Although we don't expect the Appeal Court rule in New York to have an immediate impact on debt service because the procedure for implementing the equal treatment provision has not yet been defined, it will make it more difficult for Argentina to normalize its relationship with private, bilateral, and multilateral lenders. Argentina has now been in default with Paris Club lenders for 11 years.
Our rating on Argentina is also based on our view that policies enacted since the October 2011 presidential elections could, over time, increase the risk of a deterioration in the country's macroeconomic framework, put pressure on its external liquidity, and weaken its medium-term growth prospects. These policies include rising restrictions on international trade and access to foreign currency, a modification to the Central Bank charter, and growing public-sector intervention into different sectors of the economy.
We believe that these actions could exacerbate the existing weaknesses in Argentina's economy, including high inflation (which continues to appreciate Argentina's real exchange rate) and increasingly rigid government expenditures, and result in a deteriorating medium-term fiscal outlook and investment conditions. We expect real GDP to expand about 1.5% in 2012.
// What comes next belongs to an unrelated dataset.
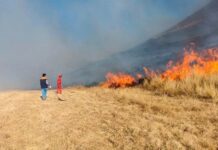 Puno: Incendio forestal arrasa sectores de Tiquillaca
Although Argentina had $45.3 billion of international reserves at the end of September 2012, equal to five months of current account payments, we see risks to the nation's external liquidity over the medium term. The combination of a weak global economy, growing uncertainty from both foreign and local market participants, and restricted access to foreign financing could, over time, raise the risk of a loss of external liquidity.
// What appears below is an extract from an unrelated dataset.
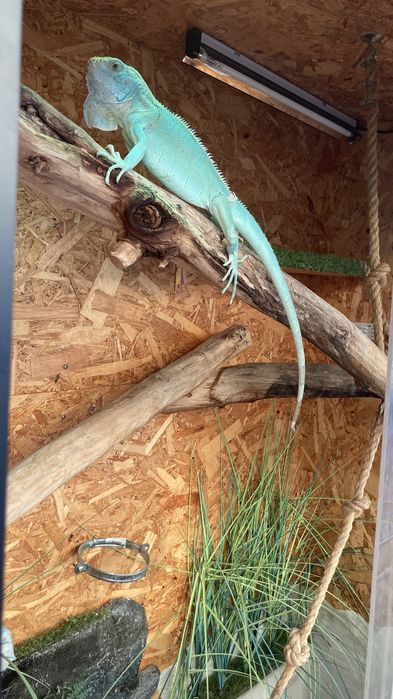 Terrario  iguana azul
High inflation contributed to a decrease in the real value of government local currency debt over the past five years. That, along with balanced budgets or small deficits until 2011 and rapid GDP growth, led to a decline in debt versus GDP since 2007. Argentina's gross general government debt is falling toward 39% of GDP at the end of 2012 from 60% in 2007. The central government relies on public-sector entities to refinance maturing market debt, a policy that has moderated its rollover risk. In addition, principle payments on capital market debt are expected to decrease significantly in 2013. However, the government will still need to service a significant payment on the GDP warrants bond on Dec. 15, 2012, for a combination of US$2.8 billion denominated in U.S. dollars and US$834 million denominated in Argentinean pesos. After that, we expect external debt payments with private creditors (excluding multilateral and bilateral entities) to fall from $7.0 billion in 2012 (about 1.4% of GDP) to $4.0 billion in 2013 (0.7% of GDP) and $2.0 billion in 2014 (0.3% of GDP). We assume government agencies will continue to cover financing for budget deficits.
The negative outlook indicates at least a one-in-three chance of a downgrade over the next 12 months. We could consider lowering our ratings as a result of increasing risks on external debt payments stemming from the legal actions against Argentina in international courts; a worsening external position, mostly likely from financial outflows; or additional policy actions that exacerbate political polarization and further diminish Argentina's growth prospects. On the other hand, the ratings could stabilize if we see that the government takes actions that restore investor confidence about the economy's medium-term prospects (on the monetary or structural front) and, thus, reduce uncertainty about its external liquidity position.